The task -
For this exercise, transcribe all the entries exactly as given and omit the images.

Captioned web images
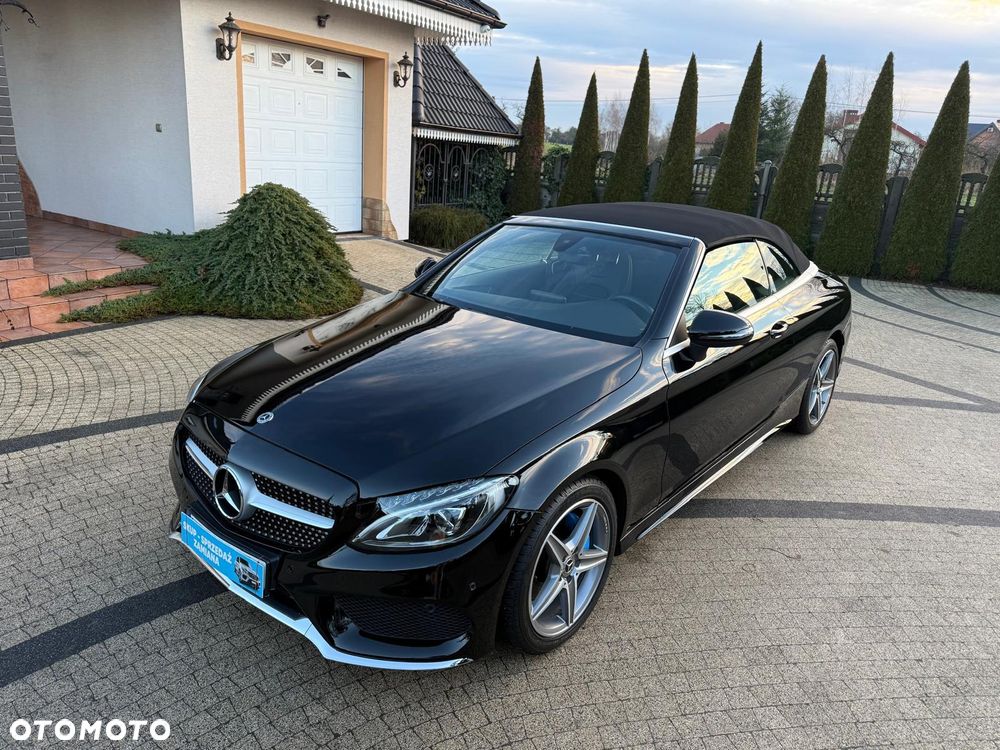 Mercedes-Benz Klasa C 200 9G-TRONIC AMG Line - 1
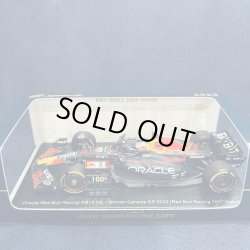 画像1: 新品正規入荷品●SPARK1/43 RED BULL RB19 WINNER CANADA GP 2023 100VICTORY (M.フェルスタッペン）#1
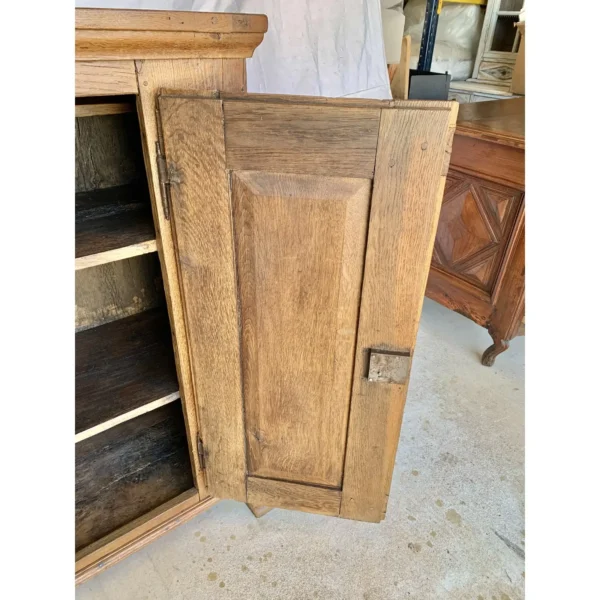 19th Century French Oak Cabinet De Confiture - Image 11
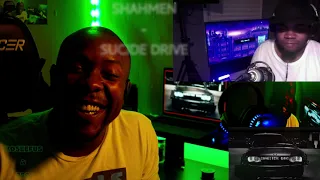 SHAHMEN - SUICIDE DRIVE (REACTION) (THIS DUDE FIRE!!!)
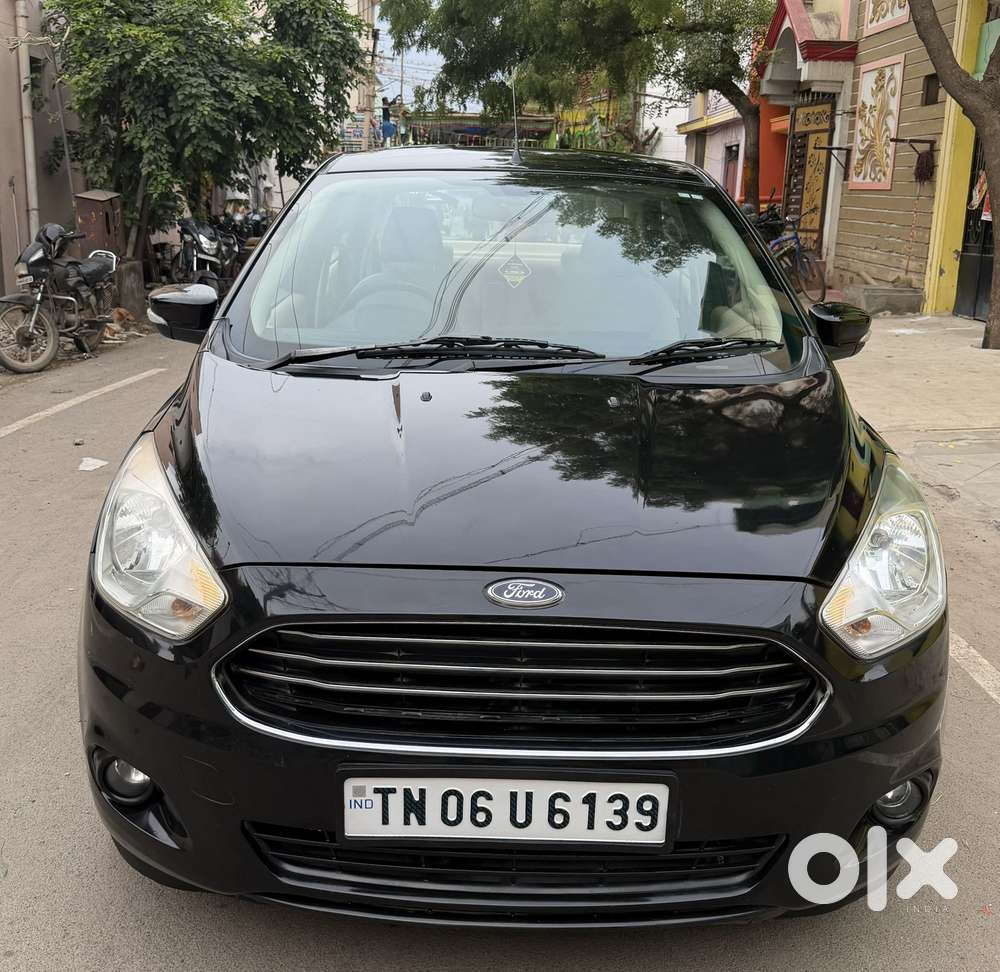 Ford Aspire Titatinium Blu Tdci, 2017, Diesel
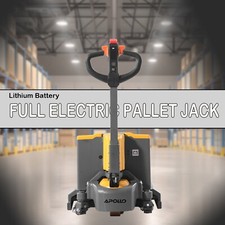 APOLLOLIFT 48V Lithium-ion Pallet Jack 4400lbs Full Electric Pallet Truck 48X27"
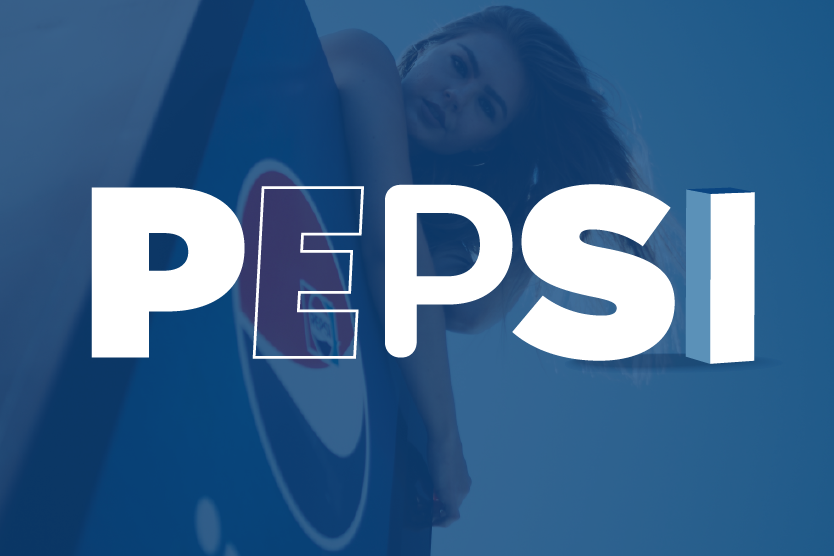 Pepsi Font Branding
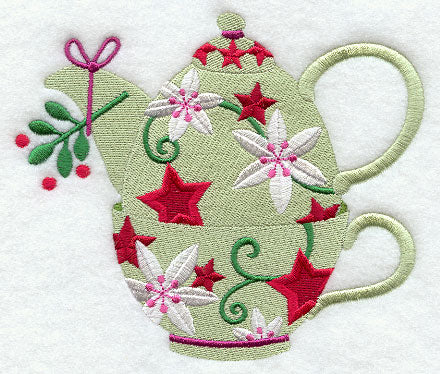 Flowers and Stars Tea Party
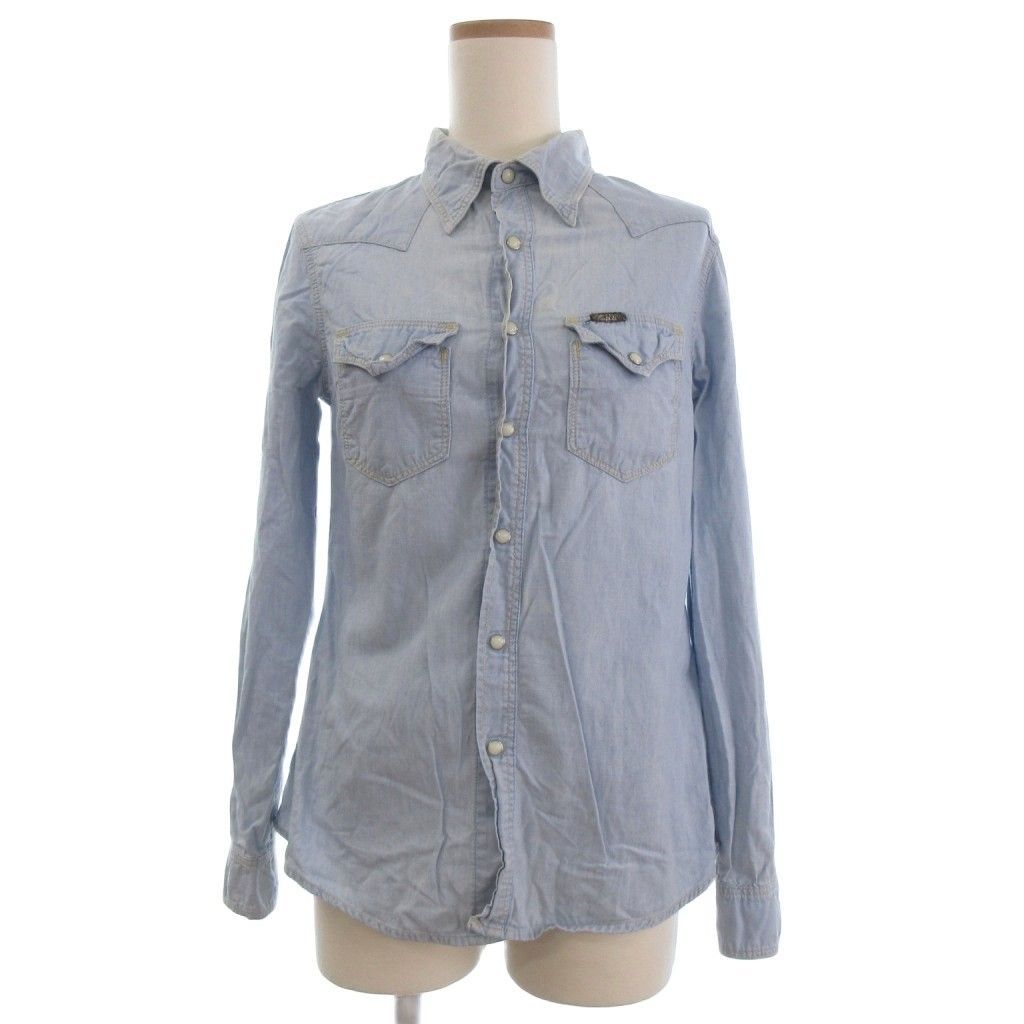 キャピタル ウエスタンシャツ KAPITAL キャピタル 8オンスデニム ハスキーウエスタンシャツ - SE7EN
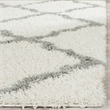 Safavieh Dallas Shag Ivory Shag Rug - 4' x 6'
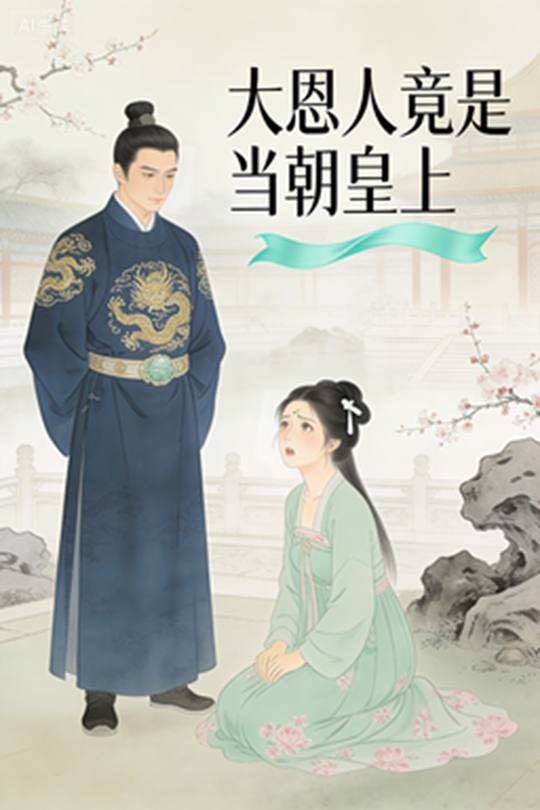 大恩人竟是当朝皇上封面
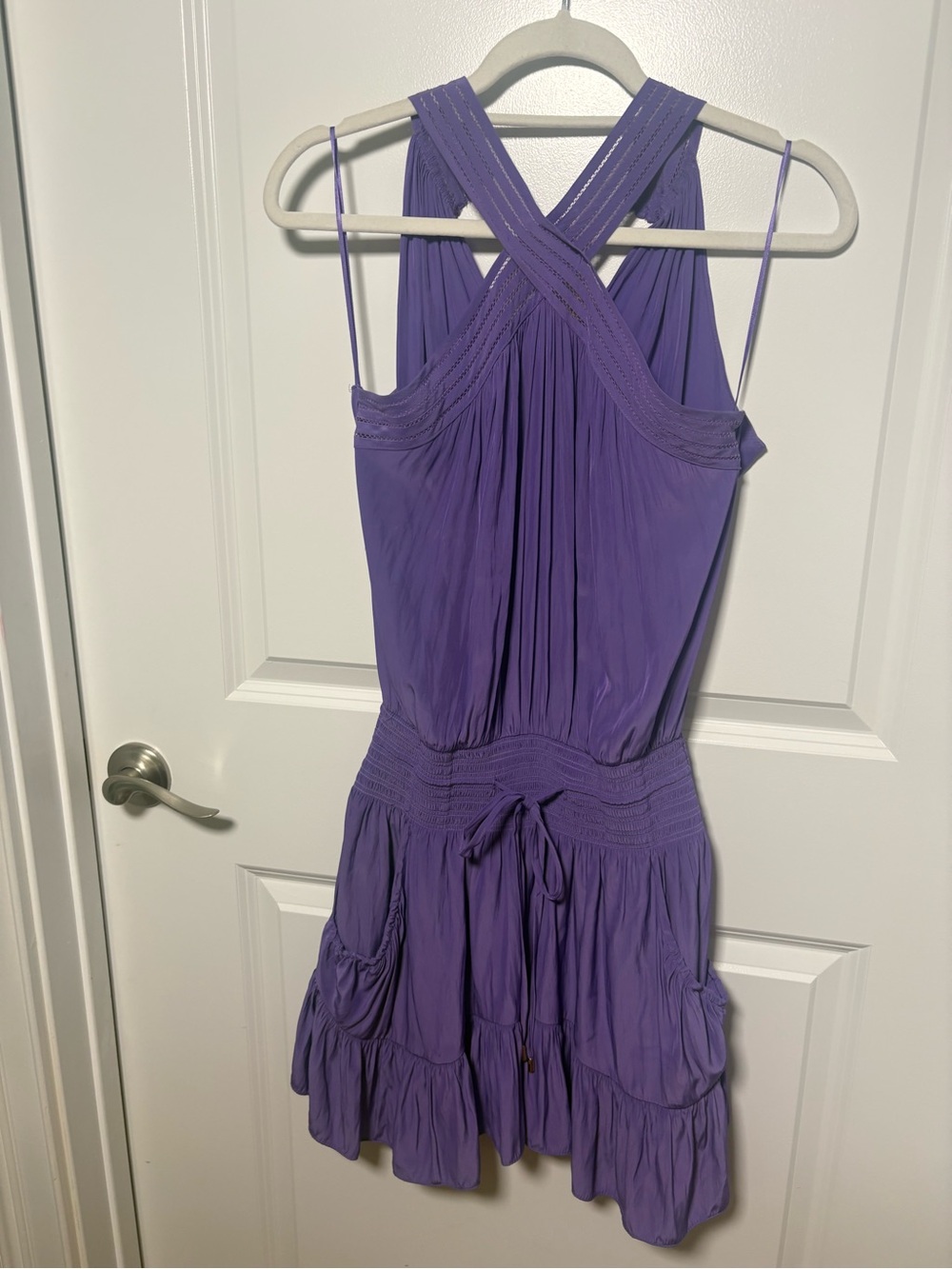 Ramy Brook Sleeveless Dress in Deep Lilac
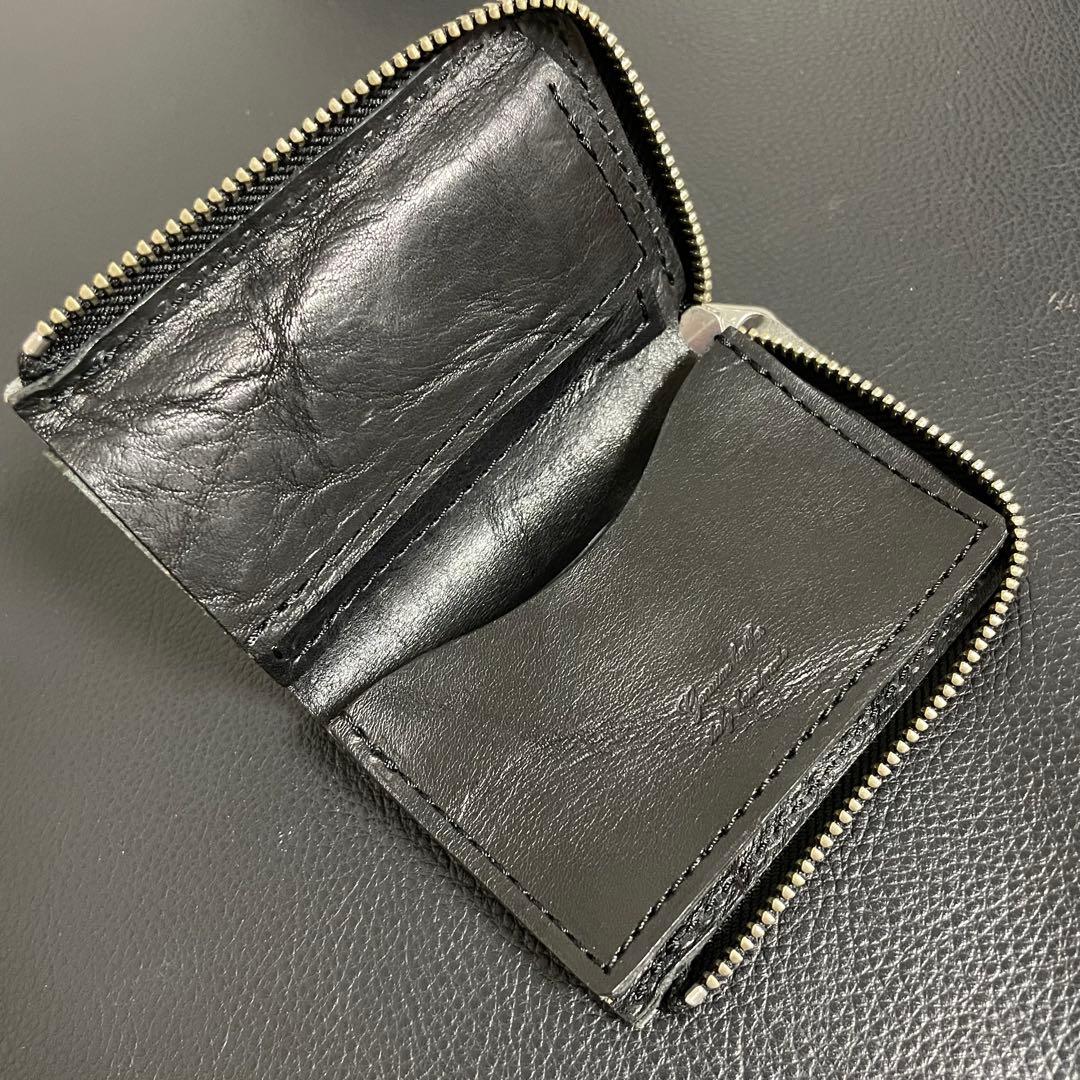 【値下げOK】RYU continental グースー ミニ財布 L字ファスナー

Result for this exercise -
 Mercedes-Benz Klasa C 200 9G-TRONIC AMG Line - 1
 画像1: 新品正規入荷品●SPARK1/43 RED BULL RB19 WINNER CANADA GP 2023 100VICTORY (M.フェルスタッペン）#1
 19th Century French Oak Cabinet De Confiture - Image 11
 SHAHMEN - SUICIDE DRIVE (REACTION) (THIS DUDE FIRE!!!)
 Ford Aspire Titatinium Blu Tdci, 2017, Diesel
 APOLLOLIFT 48V Lithium-ion Pallet Jack 4400lbs Full Electric Pallet Truck 48X27"
 Pepsi Font Branding
 Flowers and Stars Tea Party
 キャピタル ウエスタンシャツ KAPITAL キャピタル 8オンスデニム ハスキーウエスタンシャツ - SE7EN
 Safavieh Dallas Shag Ivory Shag Rug - 4' x 6'
 大恩人竟是当朝皇上封面
 Ramy Brook Sleeveless Dress in Deep Lilac
 【値下げOK】RYU continental グースー ミニ財布 L字ファスナー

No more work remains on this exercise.